Change is often the only constant. Failing to bring about - or adapt to - change and progress can set your business up for failure. Many people are averse to it, finding even the smallest change difficult to manage and absorb. The philosophy of kaizen, where change is brought about by collaboration, involvement and small yet productive steps can bring great rewards and if managed correctly, make transition as smooth as possible. The following article follows a novel approach to change management.

 

Set attainable and realistic goals

Many projects and initiatives flounder because unattainable goals are set. Small incisive changes are easier to manage and implement than large and sweeping ones. I remember how productivity dropped when a new software package was implemented without consultation of the workforce. The change-back to the previous implementation was even more arduous.

 

Involve everyone, from sweeper to CEO and reward effort

At a company that I worked for , the floor sweeper discovered a way to save thousands a week by cleaning and reusing adhesive nozzles. He eventually became a team-leader because the company saw his potential. Never ignore suggestions and input because you never know where the next great suggestion will come from.

 

Listen to all suggestions

Oftentimes, I come across IT managers and experts who are not willing to listen or take suggestions. Inevitably, they have to listen and follow what was suggested in the first place-unfortunately after hours of frustration. Do not be afraid to listen to suggestions even if you think they are utter nonsense-they may very well be the next pièce de résistance.

 

Learn from your mistakes

You should always look to improve and continuously try to make positive changes. I use the approach of "testing until breaking" often to determine strengths, weaknesses, opportunities and threats. You should know the limitations of a new product or policy before introducing it. Your change management policy should insist on thorough testing. Resist the urge to put off things-never be afraid to try!

 

Make change management part of your growth strategy

Change management is part of one's growth strategy. Part of growth is identifying and training staff with potential and skills. Up-skilling staff is conducive to good staff morale and staff are more inclined to put in the extra mile when they know that they are being recognized for their hard work and promise.

 

Foster a relaxed environment

Schedule regular and interactive meetings, and invite comment and suggestion. Run teambuilding exercises and do not tie up your workforce with draconian policies and rules. Companies like Google and Virgin flourish because of this approach.

 

Get rid of the twenty year plan

While changes need to be brought in incrementally, do not procrastinate. Set deadlines and targets and meet them . Do not over-complicate things, keep them simple.
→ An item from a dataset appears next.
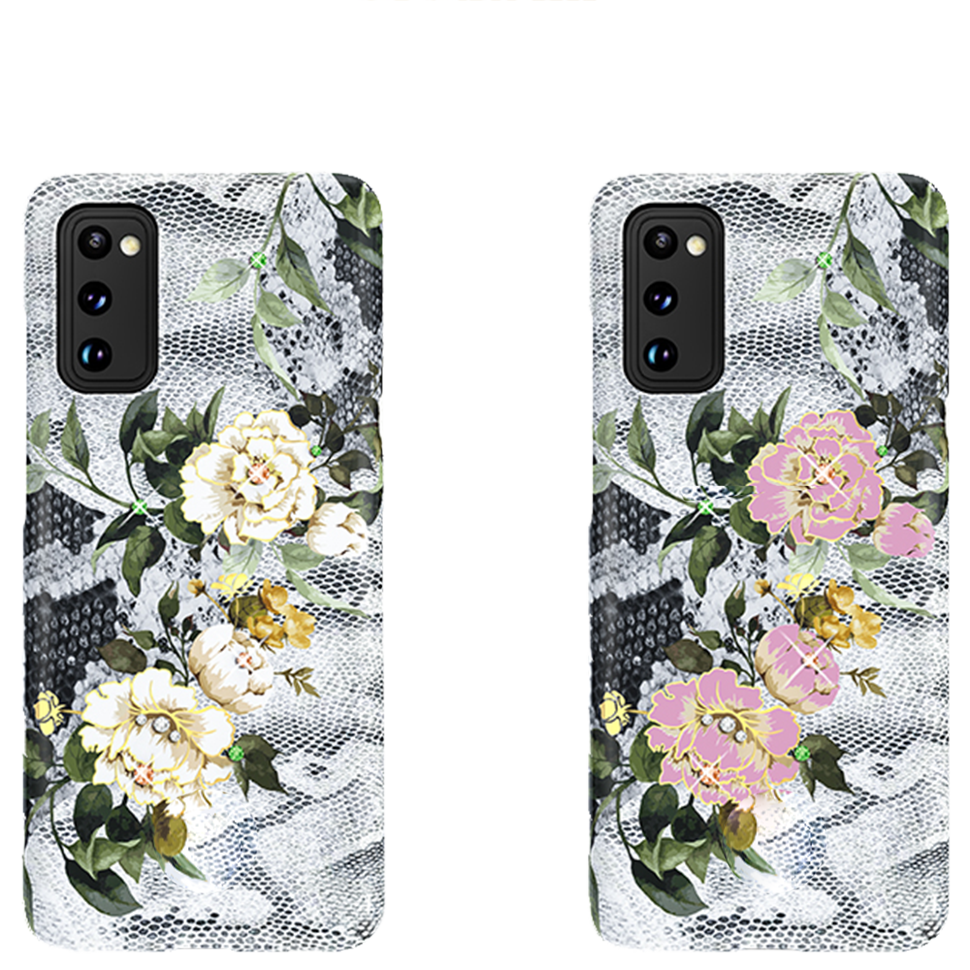 Чехол PQY Wild для Galaxy S20 Lace 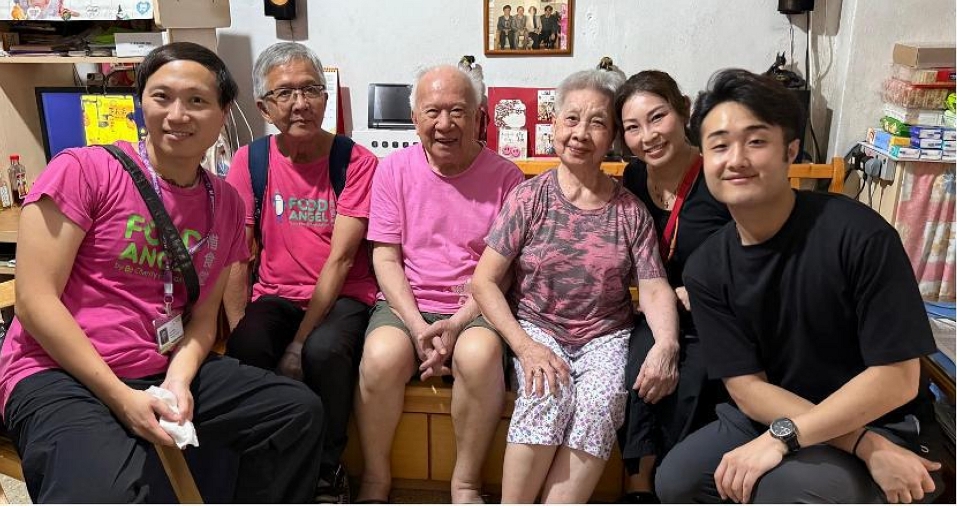 警方惜食堂長者防騙計劃 建構社區四重防護網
Delegate responsibility to capable people that are driven and produce results.

 

Count the cost

Weigh options and do research carefully when investing in infrastructure. Hauwei devotes 46% of staff to research and development and they are growing exponentially . Sometimes the mounting costs can affect budgets and resources of existing services and systems. You don't want to irk employees by denying them their cup of java, yet you don't want to delay the implementation of a new system while productivity suffers.

 

Giant leaps can be made in small steps

Change management is made simpler and easier by adopting small and effective changes. Use kaizen, involve staff, listen to suggestion and go on an improvement drive. Establish timeframes, targets and reward effort and contribution. Most of all do not put off making change part of your growth strategy and business continuity.